Why are Probability Generating Functions important?

Question

I am trying to learn more about Probability Generating Functions. Here is my basic understanding:

For a discrete random variable $X$, the probability generating function $G_X(s)$:

$$ G_X(s) = E(s^X) = \sum_{x=0}^{\infty} s^x P(X = x) $$

• $E(s^X)$ is the expected value of $s^X$
• $P(X = x)$ is the probability that the random variable $X$ equals $x$

It seems to me that the Probability Generator Function is similar to a Moment Generating Function, just that one is for the discrete case (PGF) and one is the for the continuous case (MGF). The derivatives of the PGF can be used to describe the mean and variance of the original random variable:

$$ G'_X(1) = E[X] $$ $$ G''_X(1) = E[X(X-1)] $$ $$ P(X=k) = \frac{1}{k!} \frac{d^k G_X(s)}{ds^k} \Bigg|_{s=0} $$

This leads me to my question: Why are Probability Generator Functions useful in the real world? In what kinds of problems/applications can PGF's be helpful? Why would life be difficult without PGF's?

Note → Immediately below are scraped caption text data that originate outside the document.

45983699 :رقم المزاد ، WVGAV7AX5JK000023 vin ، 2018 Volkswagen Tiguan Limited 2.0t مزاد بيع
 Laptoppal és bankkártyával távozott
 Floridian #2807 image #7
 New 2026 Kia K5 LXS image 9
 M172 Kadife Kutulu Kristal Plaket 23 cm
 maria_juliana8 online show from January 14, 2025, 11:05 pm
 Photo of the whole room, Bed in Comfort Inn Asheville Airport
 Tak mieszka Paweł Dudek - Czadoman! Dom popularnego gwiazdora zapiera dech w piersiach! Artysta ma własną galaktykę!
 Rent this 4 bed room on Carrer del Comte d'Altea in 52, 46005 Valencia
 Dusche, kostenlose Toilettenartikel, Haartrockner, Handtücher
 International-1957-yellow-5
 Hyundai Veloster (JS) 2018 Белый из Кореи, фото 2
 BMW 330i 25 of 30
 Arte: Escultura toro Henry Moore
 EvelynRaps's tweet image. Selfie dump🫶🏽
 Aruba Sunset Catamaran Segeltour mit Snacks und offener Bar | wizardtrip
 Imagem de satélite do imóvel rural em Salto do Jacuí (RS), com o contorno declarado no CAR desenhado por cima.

Doing some reading into this, I came across some materials where they indicate that PGF's are useful for finding out the properties of the distributions for functions of random variables. I tried to create an example to test my understanding:

Suppose we have:

• X1: A regular six-sided die (Die 1), where each face {1, 2, 3, 4, 5, 6} has an equal probability of 1/6.
• X2: An irregular six-sided die (Die 2), where the faces have different probabilities: Probabilities {1/12, 1/12, 1/12, 1/12, 1/6, 1/2} for faces {1, 2, 3, 4, 5, 6} .

The (PGF) for each of these die is given by:

$$ G_X(s) = \sum_{x=1}^{6} s^x P(X = x) $$

$$ G_{X1}(s) = \frac{1}{6}s + \frac{1}{6}s^2 + \frac{1}{6}s^3 + \frac{1}{6}s^4 + \frac{1}{6}s^5 + \frac{1}{6}s^6 $$

$$ G_{X2}(s) = \frac{1}{12}s + \frac{1}{12}s^2 + \frac{1}{12}s^3 + \frac{1}{12}s^4 + \frac{1}{6}s^5 + \frac{1}{2}s^6 $$

If we want to find the distribution of the sum of the two dice (assuming that there is no correlation between them and both are independently and identically distributed iid ), we can use the fact that the PGF of the sum of two independent random variables is the product of their individual PGFs. Without PGF's, it seems like this problem would be much harder and involve manually enumerating all outcomes and their probabilities.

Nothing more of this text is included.